Exercise goal.
Copy nothing but the text: repeat each entry exactly and drop the images.

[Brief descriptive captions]
-- Opening Marker --

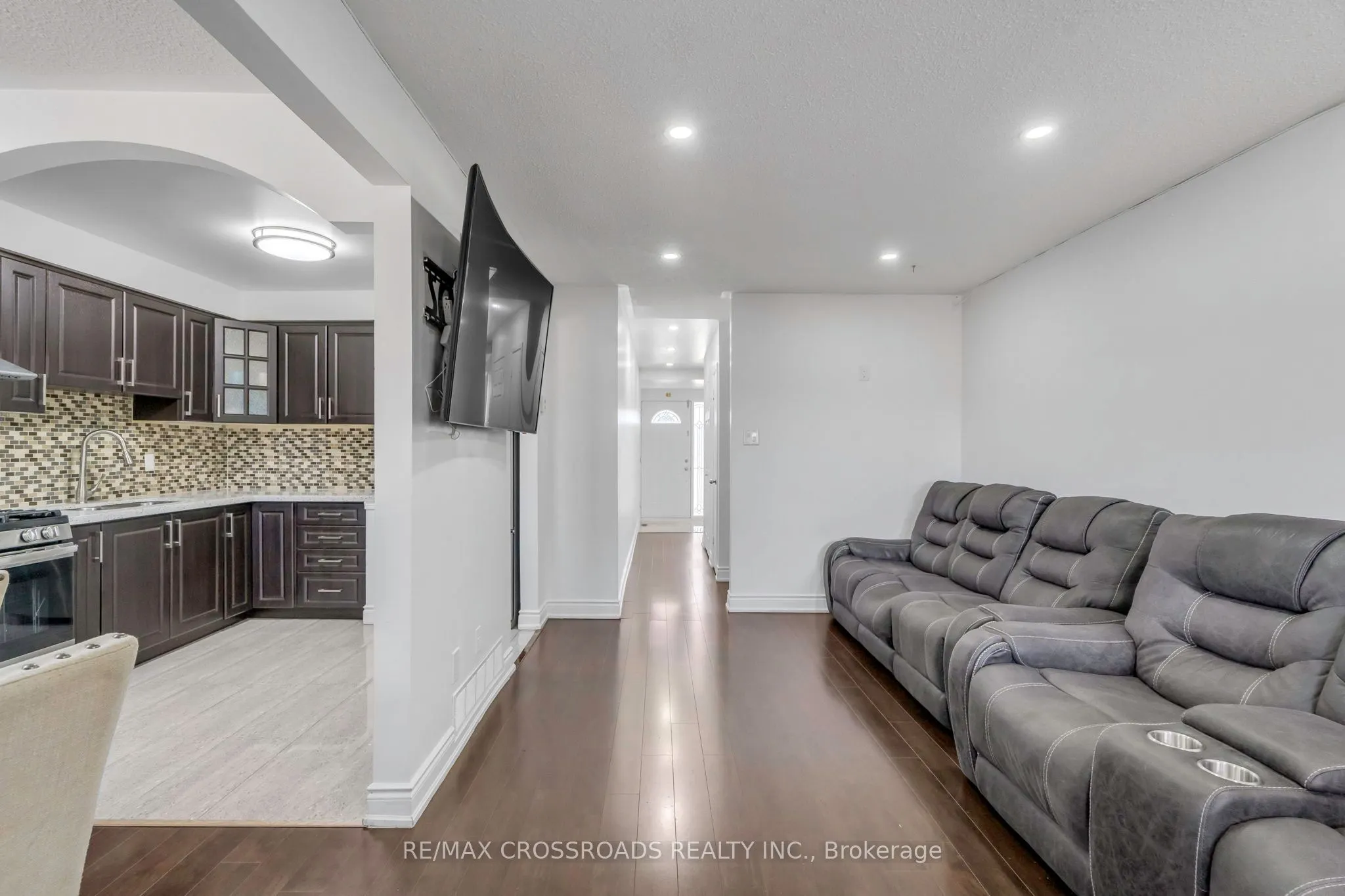 7450 Darcel Avenue, #12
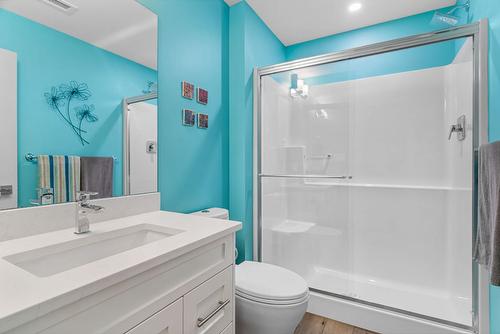 106-3630 Mission Springs Drive, Kelowna, BC - Indoor Photo Showing Bathroom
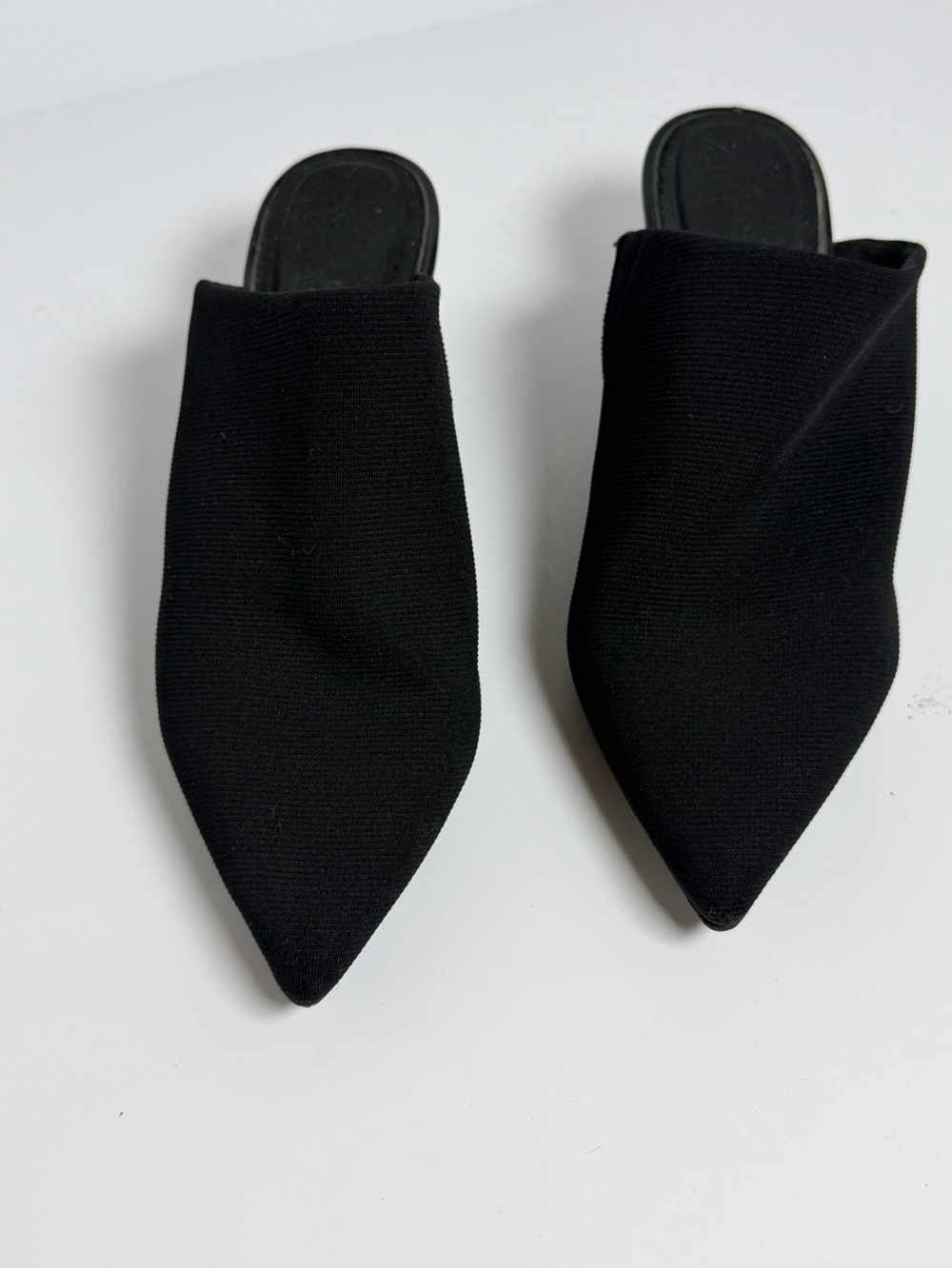 Anne Klein Black Knit Slip-On Kitten Mules – Size 6.5M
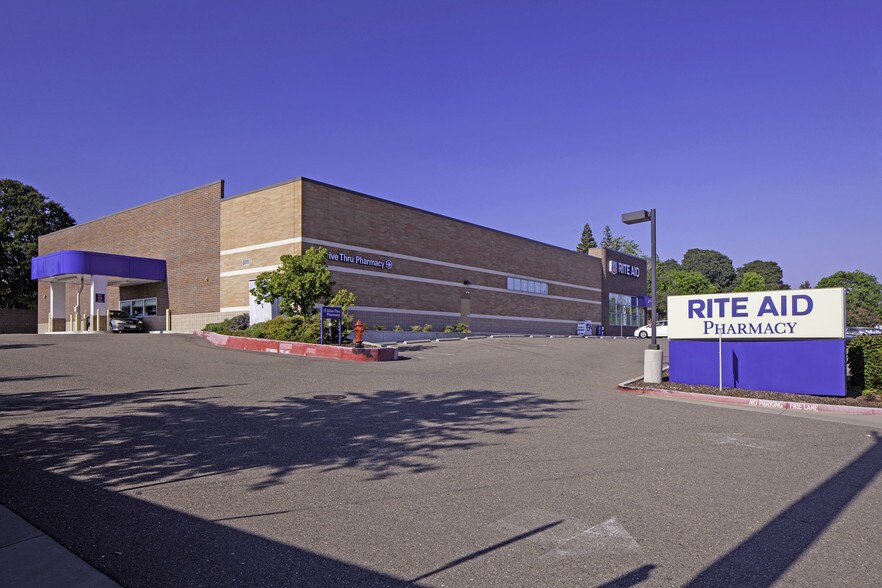 More Photos Of 3101 Green Valley Rd, Cameron Park Drugstore For Sale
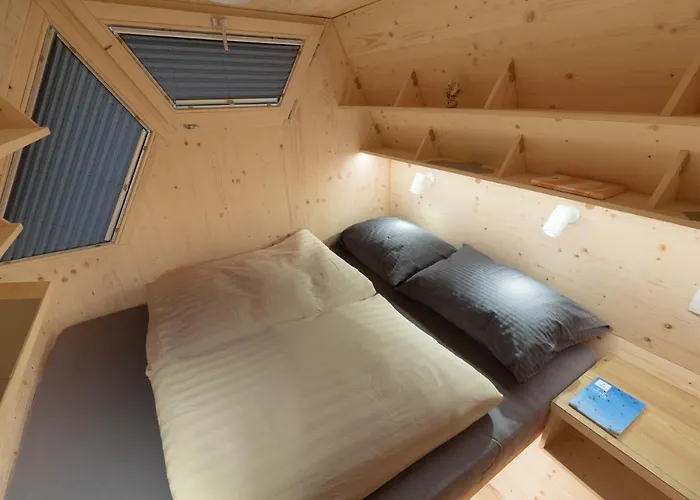 Honeybee - Hisa Kranjske Cebele Visnja Gora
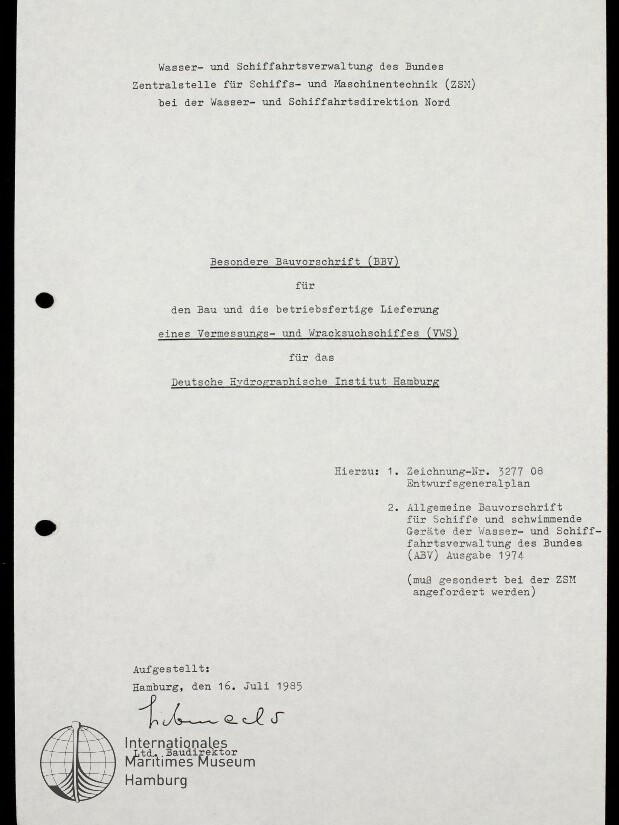 Schwarz-weiße Fotografie einer typografischen Titelseite eines offiziellen Dokuments der Wasser- und Schifffahrtsverwaltung des Bundes mit der Überschrift »Besondere Bauvorschrift (BBV)«, Detailangaben zum Vermessungs- und Wracksuchschiff, zwei Lochungen am linken Rand, handschriftlicher Unterschrift mit Datum »Hamburg, den 16. Juli 1985« und Stempel/Logo des Internationalen Maritimen Museums Hamburg unten links.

-- Closing Marker --

Reply to the task.
 7450 Darcel Avenue, #12
 106-3630 Mission Springs Drive, Kelowna, BC - Indoor Photo Showing Bathroom
 Anne Klein Black Knit Slip-On Kitten Mules – Size 6.5M
 More Photos Of 3101 Green Valley Rd, Cameron Park Drugstore For Sale
 Honeybee - Hisa Kranjske Cebele Visnja Gora
 Schwarz-weiße Fotografie einer typografischen Titelseite eines offiziellen Dokuments der Wasser- und Schifffahrtsverwaltung des Bundes mit der Überschrift »Besondere Bauvorschrift (BBV)«, Detailangaben zum Vermessungs- und Wracksuchschiff, zwei Lochungen am linken Rand, handschriftlicher Unterschrift mit Datum »Hamburg, den 16. Juli 1985« und Stempel/Logo des Internationalen Maritimen Museums Hamburg unten links.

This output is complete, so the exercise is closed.